┏━━

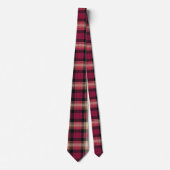 Elegant Pink and Brown Plaid Gingham Pattern ネクタイ (正面)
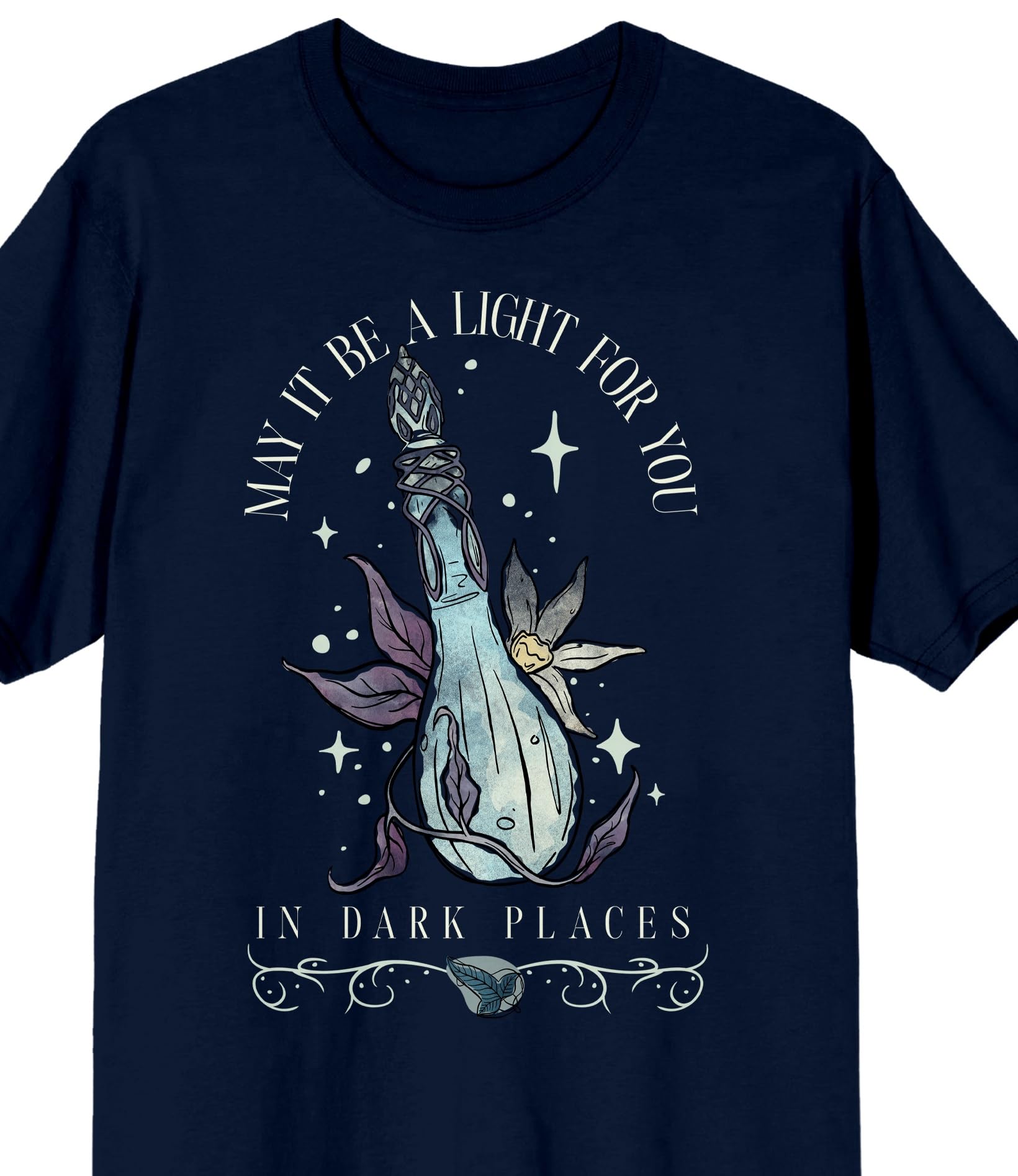 Lord Of The Rings May It Be A Light For You In Dark Places Adult Navy Crew Neck Short Sleeve T-shirt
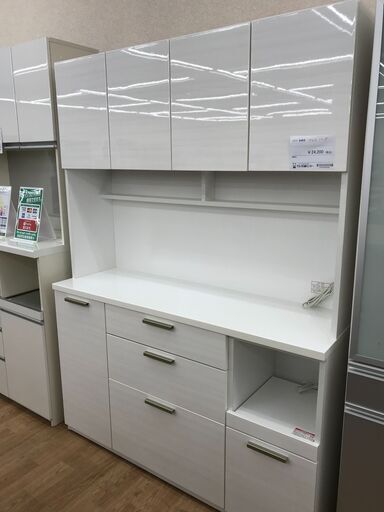 ★ジモティ割あり★ ニトリ 食器棚　ソレルシリーズ ホワイト H190×W140×D42 クリーニング済み KJ5994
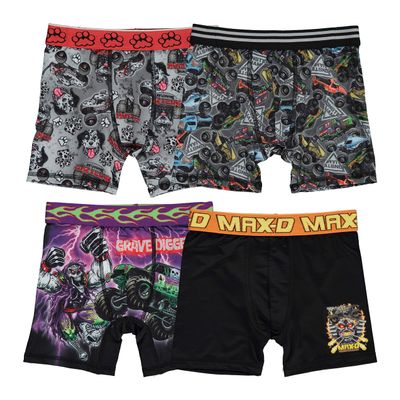 4-PK Athletic Boxer Briefs with Grave Digger, El Toro Loco & more in 4, 6, 8, 10 & 12
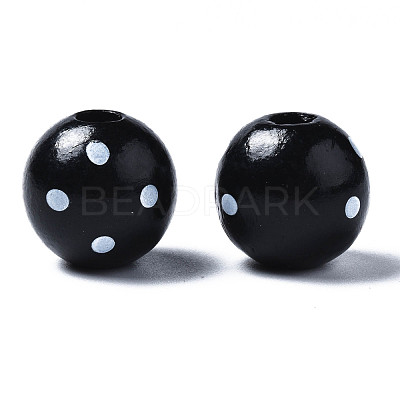 Painted Natural Wood European Beads WOOD-S057-056F-1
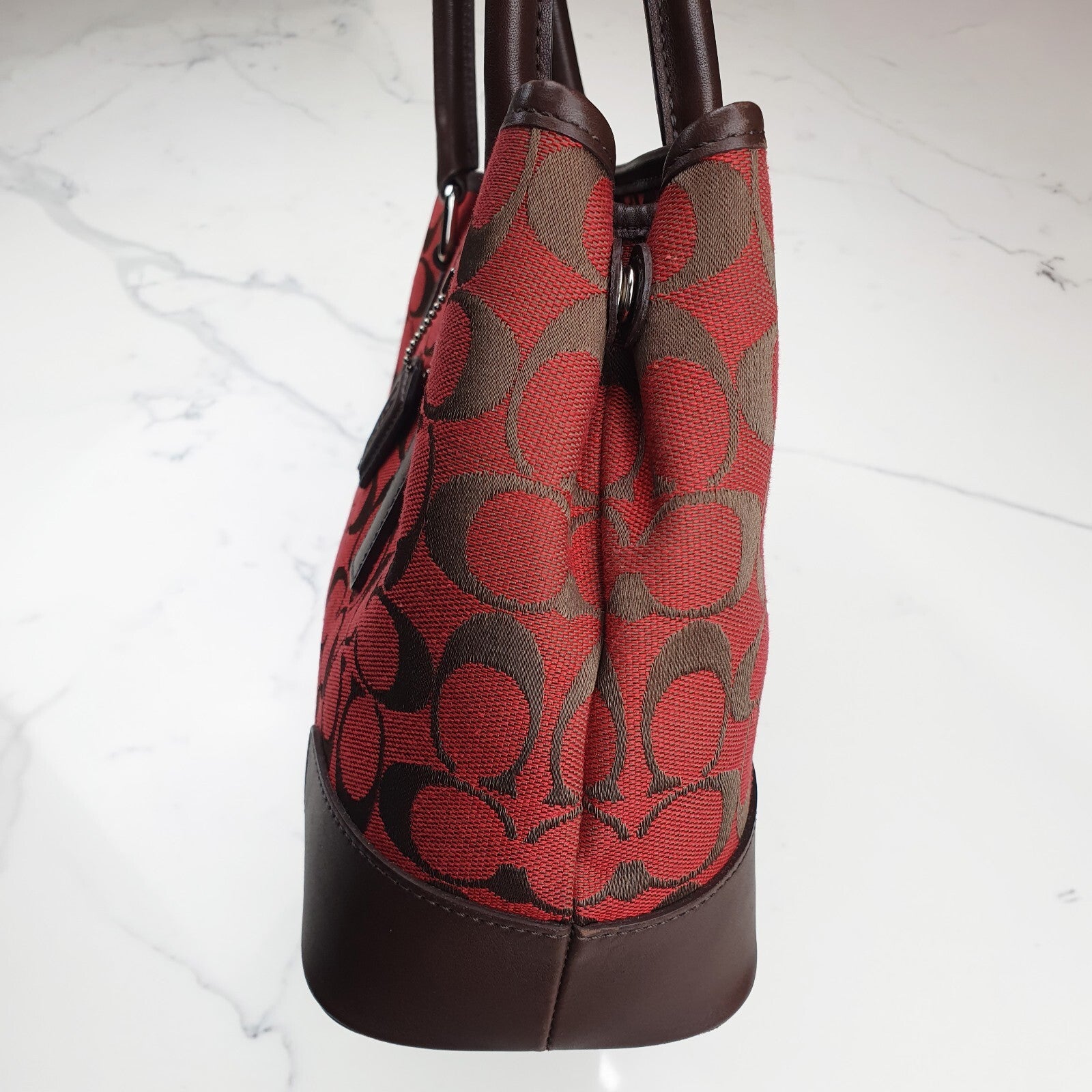 Coach Signature Canvas Tote Bag in Red and Brown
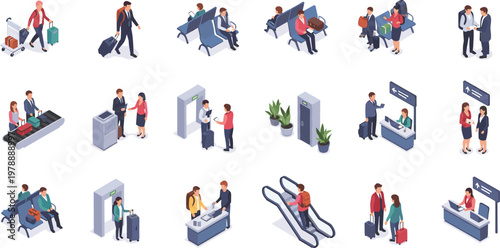 Isometric Airport Travel Icon Set Featuring Passengers at Check-in, Security, Baggage Claim, Escalators, and Other Airport Services for Travel Planning
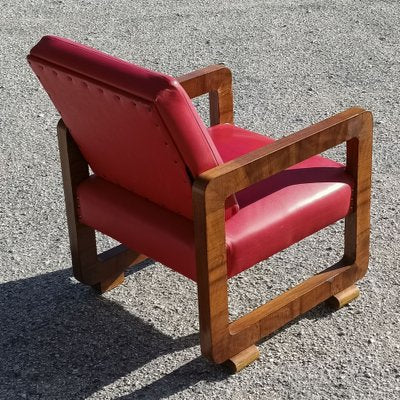 Vintage Red Armchair in Wood, 1930s-RAQ-1823158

┗━━

» **GOAL OF THE EXERCISE**
Without the pictures, repeat the listing above exactly.

» **COMPLETED TASK**
 Elegant Pink and Brown Plaid Gingham Pattern ネクタイ (正面)
 Lord Of The Rings May It Be A Light For You In Dark Places Adult Navy Crew Neck Short Sleeve T-shirt
 ★ジモティ割あり★ ニトリ 食器棚　ソレルシリーズ ホワイト H190×W140×D42 クリーニング済み KJ5994
 4-PK Athletic Boxer Briefs with Grave Digger, El Toro Loco & more in 4, 6, 8, 10 & 12
 Painted Natural Wood European Beads WOOD-S057-056F-1
 Coach Signature Canvas Tote Bag in Red and Brown
 Isometric Airport Travel Icon Set Featuring Passengers at Check-in, Security, Baggage Claim, Escalators, and Other Airport Services for Travel Planning
 Vintage Red Armchair in Wood, 1930s-RAQ-1823158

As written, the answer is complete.